Your assignment
Once you find the line with "Hermes Handbag Picotin", transcribe it and all the lines that follow to the end of the data, exactly as written; skip any pictures.

Input data
■ ■ ■ ■
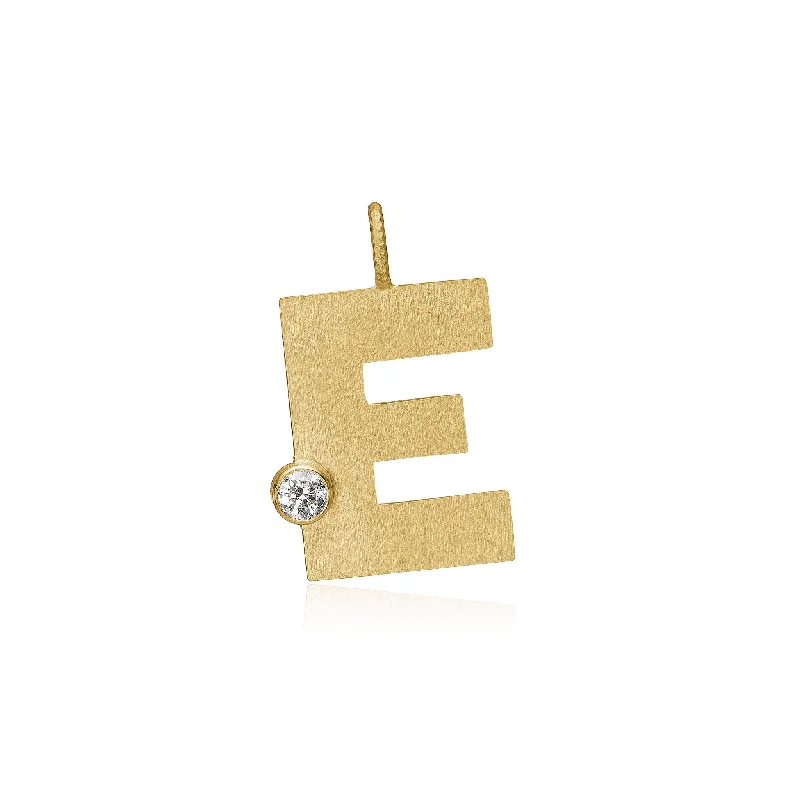 Holiday Jewelry Sale – Perfect Gifts At Great Prices Letter E 18K Gold Pendant w. Diamond Holiday Jewelry Sale – Perfect Gifts At Great Prices Letter E 18K Gold Pendant w. Diamond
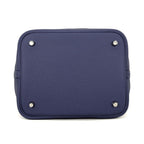 Hermes Handbag Picotin Lock MM Blue Saphir Silver Taurillon Clemence — view 3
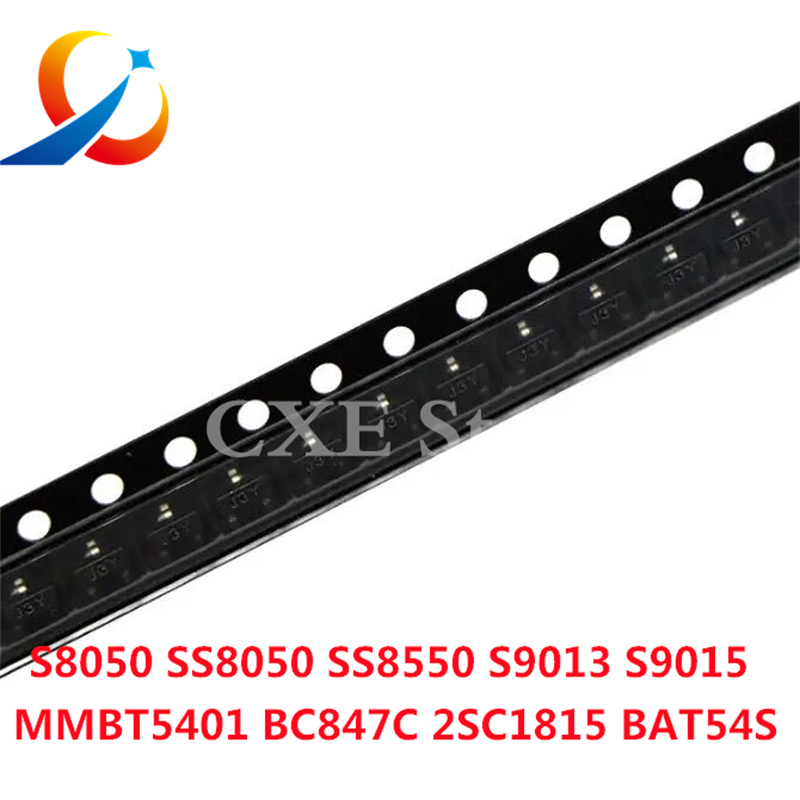 100PCS SMD Transistor S8050 S8 - Mosfet Transistor Set のレビューと価格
■ ■ ■ ■
Task answer
 Hermes Handbag Picotin Lock MM Blue Saphir Silver Taurillon Clemence — view 3
 100PCS SMD Transistor S8050 S8 - Mosfet Transistor Set のレビューと価格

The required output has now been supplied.